Iterator-Related Methods in the LinkedList

Meanwhile, back in the outer class, i.e., the LinkedList class, we've got more to do. We can implement the iterator-related methods:

  @Override
  public Iterator<E> iterator() {
    return new LLIterator();
  }
  
  @Override
  public ListIterator<E> listIterator() {
    return new LLIterator();
  }
  
  @Override
  public ListIterator<E> listIterator(int index) {
    if(index<0) {
      throw new IndexOutOfBoundsException("Index: " + index);
    }
    ListIterator<E> itr = new LLIterator();
    int i=0;
    try {
      for(; i<index; ++i) {
        itr.next();
      }
    } catch(NoSuchElementException e) {
      throw new IndexOutOfBoundsException("Index: " + index
          + ", Size: " + i);
    }
    return itr;
  }

• Our LLIterator class provides all the functionality for the Iterator interface, so we can just return an LLIterator object for the first method.
• The second method is equally simple to implement since the first two return an iterator that points to one before the start of the list.
• The listIterator(int index) involves one additional step beyond just creating the iterator.
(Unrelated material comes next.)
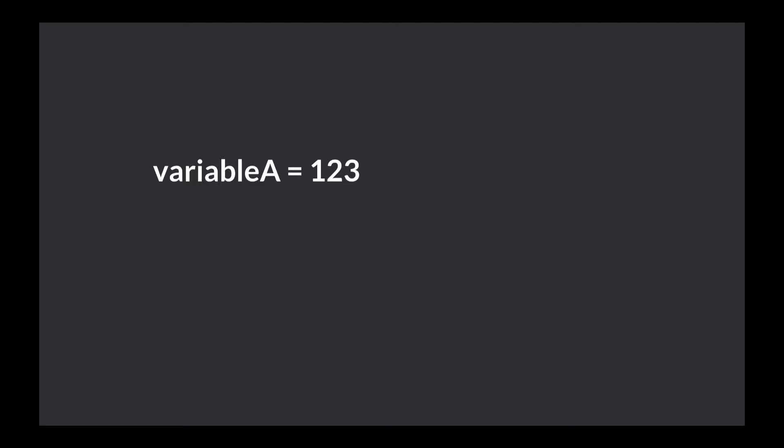A variable at minimum has two properties, a name and the data that it contains. Often variables also have a type denoting the type of data that can be contained in the variable.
Here we need to advance the iterator to position index-1.
  • If index=0 the iterator should point to one before the start of the list (so that when you call next() you get the element at index 0.)
  • If index=1 the iterator should point to the start of the list (so that when you call next() you get the element at index 1.)
  • If index=20 the iterator should point to the twentieth of the list (so that when you call next() you get the element at index 20.)
  • If the index passed in is outside of the range of legitimate values, an IndexOutOfBoundsException is thrown.

LinkedList.remove()

• Now that we have the iterator defined, we can use it to help implement many of the remaining methods in the LinkedList class.
• For example, to remove the element at a given index, we can just get an iterator at index (actually one before it), call next, and then use the iterator's remove method:

  @Override
  public E remove(int index) {
    ListIterator<E> itr = listIterator(index);
    E value = itr.next();
    itr.remove();
    return value;
  }

• We can also use the iterator to navigate the list while we look for a match to a particular value:

  @Override
  public boolean remove(Object target) {
    boolean removed = false;
    ListIterator<E> itr = listIterator();
    while(!removed && itr.hasNext()) {
      if(target.equals(itr.next())) {
        itr.remove();
        removed = true;
      }
    }
    return removed;
  }
  
  @Override
  public boolean contains(Object target) {
    Iterator<E> itr = iterator();
    boolean found = false;
    while(!found && itr.hasNext()) {
      found = target.equals(itr.next());
    }
    return found;
  }
  
  @Override
  public int lastIndexOf(Object target) {
    int index = size();
    ListIterator<E> itr = listIterator(index);
    boolean found = false;
    while(!found && itr.hasPrevious()) {
      found = target.equals(itr.previous());
      --index;
    }
    if(!found) {
      index = -1;
    }
    return index;
  }

• There are a few other methods that we haven't implemented here, but those will be left as an exercise.